Calculator Inputs
Example Data Table
| Case | λ₀ (nm) | Radius (µm) | nₑff | nᵍ | ΔT (°C) | Expected Use |
|---|---|---|---|---|---|---|
| Silicon ring trim | 1550 | 10 | 2.40 | 4.20 | 10 | Filter alignment |
| Low power heater | 1310 | 15 | 2.35 | 4.00 | 6 | Sensor biasing |
| Large FSR device | 1550 | 5 | 2.45 | 4.35 | 15 | Dense channel tuning |
Formula Used
Resonance condition: mλ = nₑffL, where L = 2πR.
Thermal wavelength shift: Δλ = (λ₀ / nᵍ) × (dnₑff/dT + nₑffα) × ΔT.
Heater based temperature rise: ΔT = P × Rth × η.
Free spectral range: FSR = λ₀² / (nᵍ × 2πR).
Heater voltage and current: V = √(PR) and I = √(P/R).
How to Use This Calculator
Enter the cold resonance wavelength and ring radius first. Add effective index and group index from your waveguide model. Then enter the thermo optic coefficient and thermal expansion coefficient. Choose direct temperature, heater power, or combined mode. Add heater resistance and power for electrical estimates. Press calculate to see the tuned wavelength, shift, FSR, heater values, and target power.

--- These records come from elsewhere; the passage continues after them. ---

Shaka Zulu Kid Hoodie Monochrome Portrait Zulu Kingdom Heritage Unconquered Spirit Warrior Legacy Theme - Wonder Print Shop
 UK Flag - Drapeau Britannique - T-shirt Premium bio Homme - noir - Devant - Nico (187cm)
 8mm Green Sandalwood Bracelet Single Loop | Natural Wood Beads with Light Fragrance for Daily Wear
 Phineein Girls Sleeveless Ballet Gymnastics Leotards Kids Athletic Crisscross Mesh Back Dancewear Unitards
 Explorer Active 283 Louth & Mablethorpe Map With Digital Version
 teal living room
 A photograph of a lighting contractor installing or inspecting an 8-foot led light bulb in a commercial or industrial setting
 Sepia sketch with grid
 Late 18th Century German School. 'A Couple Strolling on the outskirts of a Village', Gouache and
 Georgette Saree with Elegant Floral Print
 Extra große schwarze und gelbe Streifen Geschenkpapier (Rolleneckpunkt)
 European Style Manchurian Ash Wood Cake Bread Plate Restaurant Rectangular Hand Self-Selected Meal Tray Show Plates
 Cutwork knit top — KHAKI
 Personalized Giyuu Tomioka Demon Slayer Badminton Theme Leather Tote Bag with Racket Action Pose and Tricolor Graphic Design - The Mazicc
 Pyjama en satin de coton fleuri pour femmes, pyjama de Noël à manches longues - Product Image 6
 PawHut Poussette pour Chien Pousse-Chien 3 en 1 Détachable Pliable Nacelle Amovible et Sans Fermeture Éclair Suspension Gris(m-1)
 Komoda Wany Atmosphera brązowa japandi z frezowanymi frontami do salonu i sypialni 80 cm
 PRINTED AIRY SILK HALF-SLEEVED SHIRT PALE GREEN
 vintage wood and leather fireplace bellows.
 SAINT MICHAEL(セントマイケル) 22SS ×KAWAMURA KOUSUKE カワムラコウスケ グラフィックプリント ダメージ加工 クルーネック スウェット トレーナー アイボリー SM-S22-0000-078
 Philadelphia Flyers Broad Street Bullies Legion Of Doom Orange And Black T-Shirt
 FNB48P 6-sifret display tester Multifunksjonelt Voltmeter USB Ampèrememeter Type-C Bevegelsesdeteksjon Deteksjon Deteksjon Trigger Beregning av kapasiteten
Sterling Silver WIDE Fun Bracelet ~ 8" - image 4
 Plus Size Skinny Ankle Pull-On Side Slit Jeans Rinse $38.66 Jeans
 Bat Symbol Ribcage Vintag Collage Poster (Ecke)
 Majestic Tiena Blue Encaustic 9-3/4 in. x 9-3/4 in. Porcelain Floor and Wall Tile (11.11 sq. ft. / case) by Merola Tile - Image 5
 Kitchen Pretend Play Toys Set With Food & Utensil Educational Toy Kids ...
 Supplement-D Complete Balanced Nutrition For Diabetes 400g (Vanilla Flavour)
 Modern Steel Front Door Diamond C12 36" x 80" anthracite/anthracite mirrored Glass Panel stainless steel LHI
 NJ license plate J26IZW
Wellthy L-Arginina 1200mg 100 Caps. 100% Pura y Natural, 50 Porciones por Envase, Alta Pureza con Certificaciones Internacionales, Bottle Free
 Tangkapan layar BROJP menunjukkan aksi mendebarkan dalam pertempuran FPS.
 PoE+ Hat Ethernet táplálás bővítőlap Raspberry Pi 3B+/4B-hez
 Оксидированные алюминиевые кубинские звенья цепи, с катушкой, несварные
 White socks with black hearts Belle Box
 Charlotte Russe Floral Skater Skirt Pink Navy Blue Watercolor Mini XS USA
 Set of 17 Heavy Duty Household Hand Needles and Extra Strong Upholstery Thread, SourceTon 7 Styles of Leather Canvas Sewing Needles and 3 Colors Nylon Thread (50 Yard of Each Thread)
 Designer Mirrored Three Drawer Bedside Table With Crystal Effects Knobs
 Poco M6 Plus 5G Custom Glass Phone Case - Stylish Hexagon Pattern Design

Thermal Ring Resonator Tuning Overview
Ring resonators shift their resonance when temperature changes. The guided mode sees a new effective index. The physical ring length also expands. Both effects move the wavelength. In many silicon photonic designs, the thermo optic effect is dominant. A small heater can therefore tune a resonance by several picometers or nanometers.
Why Thermal Shift Matters
Thermal tuning is useful in filters, modulators, sensors, and wavelength division systems. Fabrication errors can move a resonance away from its target. Controlled heating pulls it back. Designers also use heat to align many rings on one chip. The electrical side matters because heater power, resistance, and pulse time set energy use and response limits.
Main Design Inputs
This calculator uses the cold resonance wavelength, ring radius, effective index, group index, and thermo optic coefficient. It can accept a direct temperature rise. It can also estimate temperature from heater power and thermal resistance. The heater efficiency field lets you include losses into substrate, metal, or package layers. A larger efficiency means more of the electrical heat reaches the optical mode.
Interpreting The Result
The wavelength shift shows how far the resonance moves from the starting value. The tuned wavelength is the expected new resonance. The free spectral range estimate shows the spacing between nearby resonances. The FSR fraction tells whether the tuning crosses a large part of one resonance period. A value near one means the resonance has moved about one full FSR.
Engineering Notes
Use measured coefficients when possible. Published values are only a starting point. Group index can vary with waveguide width and wavelength. Thermal resistance depends on cladding, substrate, heater shape, and heat sinking. Very high temperature can change loss, stress, or reliability. For fast pulses, steady state thermal resistance may overestimate the real shift. Use transient simulation or measurement for final hardware.
Practical Use
Start with nominal optical parameters from layout simulation. Enter realistic heater resistance and power. Compare a direct temperature case with a power based case. Then export the table. Keep it with lab notes, test data, and mask revision history. This makes tuning choices easier to explain. It also helps compare rings with different radii, heaters, and waveguide stacks during later design reviews.
FAQs
What does thermal tuning mean?
Thermal tuning means shifting the ring resonance by changing temperature. Heat changes the waveguide index and ring length. The resonance wavelength then moves.
Why is group index used?
Group index improves the wavelength shift estimate. It accounts for dispersion near the operating wavelength. This is often better than using effective index alone.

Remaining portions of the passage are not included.